What principles and partnership? What are they? Nobody seems to know! Is it a figment of sombody’s imagination? These incideous groups are chewing at the very fabric of our society, and must be stopped. Their demands include ownership of fresh water, the coast around the country, and now street names in bolder type than the English names in certain towns and cities, insisting that Maori language be taught in schools, among other demands, which are added to almost daily, not to mention the millions of dollars that they have ferreted away from the taxpayers of this country. What for? Ask these Maori elitists what happened to the original inhabitants of “Aotearoa New Zealand”! What happened to them, and how many of them are left now? There are no prizes for guessing. Let’s hear their story.


We should be thankful that most Maori people are peaceful and “we are now one people”, as Governor William Hobson stated in 1840.


Prepare for the worst. You won’t be disappointed.

KEVAN G. MARKS, Kaipara.


Dear Editor, (Sent to the NZ Herald 24/10/18)

Some people were shocked that the National Party has racial preferences in their MP line-up. Their reaction shows how out-of-touch they are.


All of our political parties have race policies.


All of our legislation now includes racial bias.


Every public organisation is seeking ‘diversity’ and giving Maori levels of privilege – check out our councils and hospitals.

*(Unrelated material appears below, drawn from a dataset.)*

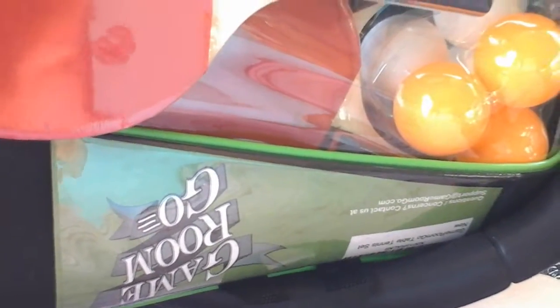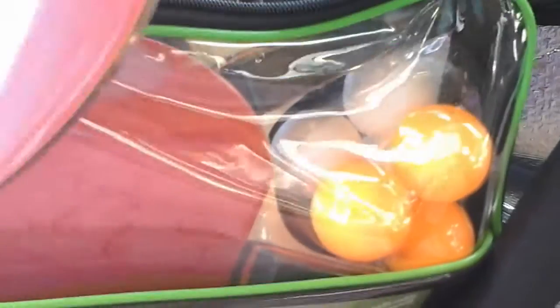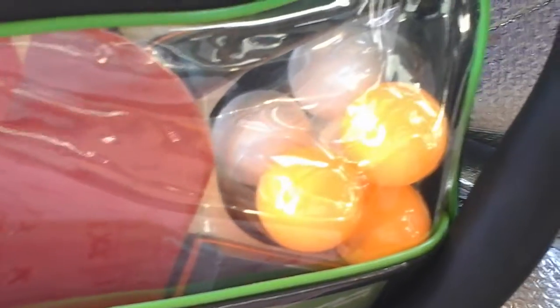This is my review for the Game Room Go paddle and balls for playing pinball — I think that's how you say it, pinball. Comes in a pack of four paddles and about six balls, three yellow and three white.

Every private organisation is obliged to show how they are doing the same if they want to win business from the public sector.


What – we fought against apartheid? That was so yesterday!

FIONA MACKENZIE, Whangaparaoa


Dear Editor, (Sent to the Waikato Times 22/10/18)

If Tom O’Connor (Waikato Times 20/10/18) thinks some Maori (he hasn’t defined which ones) own water because their ancestors might have offer some to early visitors to these shores, then he should think a little more deeply. Tribes also offered food and women. So do “select Maori” own all food and women in this country too?


As that pre-eminent historian Michael Bassett has said, “What the Treaty doesn’t say, they (Maori elite) make up, and the liberal intelligentsia are “yes, yes, rah, rah”. (https://tinyurl.com/ycemr2nn)


In the 21st century, we are supposed to live in a democratic country in which the government rules for the benefit of all the people – with no discrimination for race, gender or religion.


The government should judiciously allocate water rights subject to need and demand, with any returns benefiting all New Zealanders, not a select, self-appointed, greedy few.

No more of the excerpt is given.